Le salon de Florence, qu’elle tenait à l’hôtel Meurice, était l’antichambre de l’Académie française. J’y ai vu les jeunes Jean Dutourd et Jean d’Ormesson faire leur cour. Florence a beaucoup œuvré en faveur de Jean Paulhan, et elle lui a offert son habit d’académicien taillé par Pierre Cardin. Découvrant la facture, elle me fit cette remarque : « Regardez, Paulhan me fait même payer ses chaussettes ! »
C’est par vous que j’ai appris qu’il avait été son amant.
Il était de notoriété publique que Jean Paulhan n’avait pas de grande disposition pour « la chose ». Pendant qu’il prononçait son discours, sous la Coupole, comme je m’étonnais discrètement auprès d’Odette Laigle, assistante et maîtresse de Gaston Gallimard, elle me répondit : « Eh bien mais, il lui fait ce qu’une femme fait à une autre femme ! »
Florence Jay-Gould avait eu Ernst Jünger pour amant, alors que les Allemands occupaient la France.
Oui, Paulhan, le résistant, après Jünger, le guerrier allemand. À la Libération, elle connut des heures difficiles, son argent a sans doute permis d’arranger les choses. Elle avait un rapport très original avec la réalité. Après avoir lu un article que j’avais consacré au quartier de La Défense, elle manifesta le désir de voir par elle-même la Grande Arche. Elle me demanda de l’accompagner dans sa Rolls. Je lui fis entendre qu’il valait mieux s’y rendre par le métro, et je lui recommandai de ne porter aucun bijou. Le jour venu, je constate qu’elle porte un imposant collier : « Il faut au moins trois rangs de perles pour cacher mon cou ! » Et nous partons ! Dans le métro, à la première station, sa voix résonne soudain : « Oh, Jean, de la publicité sur les murs ! Comme c’est amusant ! » Elle n’avait pas emprunté le métro depuis si longtemps, qu’elle ignorait que les stations étaient couvertes de placards publicitaires. Souvenons-nous de ce mot de Philippe Jullian, évoquant une dame de sa connaissance, désargentée mais naguère fortunée : « Elle recevait les amants de son mari, à présent elle prend le métro en seconde : c’est une sainte ! »

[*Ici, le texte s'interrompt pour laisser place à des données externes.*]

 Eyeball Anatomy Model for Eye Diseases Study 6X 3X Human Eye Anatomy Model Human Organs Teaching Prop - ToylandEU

Vous avez une vraie admiration littéraire pour Colette.
Chaque année, je relis Balzac et Colette, Chérie, La Fin de Chérie. Hélas ! je ne l’ai pas connue, mais j’ai rencontré Maurice Goudeket, son mari, et Bertrand de Jouvenel : elle avait 50 ans et ce dernier 17 lorsqu’elle l’entraîna dans son lit. Aujourd’hui, ce Blé en herbe vécu lui vaudrait peut-être la prison pour détournement de mineur et incitation à la débauche.
Et Bertrand de Jouvenel, vingt ans après les faits, porterait plainte.

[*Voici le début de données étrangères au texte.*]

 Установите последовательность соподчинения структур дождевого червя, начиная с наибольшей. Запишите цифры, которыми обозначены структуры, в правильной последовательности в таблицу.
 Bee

Et quel tollé susciteraient immédiatement ces propos de Colette, dans Mes apprentissages : « Elles sont plus nombreuses qu’on ne croit les filles à peine nubiles, qui rêvent d’être le jouet, le chef-d’œuvre libertin d’un homme d’âge mûr » ! Et que penserait-on de Natalie Barney : « Mieux vaut passer sa vie à se créer qu’à procréer » ?
Excellent programme !
La même Natalie disait encore d’un importun : « Il avait les trois signes de l’impersonnalité : le menton fuyant, une alliance, et la Légion d’honneur. » Que dirait-on de Jean Voilier (nom de plume de Jeanne Loviton), dont Paul Valéry fut si épris, qui me fit cette confidence, à 82 ans, après avoir rompu avec l’ambassadeur du Japon à Paris : « Je retrouve l’agrément de dormir seule ! »
Vous rapportez une scène pathétique entre Paul Valéry et Jeanne Loviton.
Cela se passait bien des années plus tôt. Elle lui reprochait de ne l’avoir pas accompagnée, pendant l’entracte à l’Opéra. Valéry lui répondit : « Quand je vous ai vue, si belle et si jeune, et moi si vieux et si laid, j’ai eu honte ! »
À vous entendre, on comprend que les ombres qui vous hantent font toujours votre bonheur.
Je suis en effet le reclus de la rue Lemercier et le panthéon de ces gloires défuntes.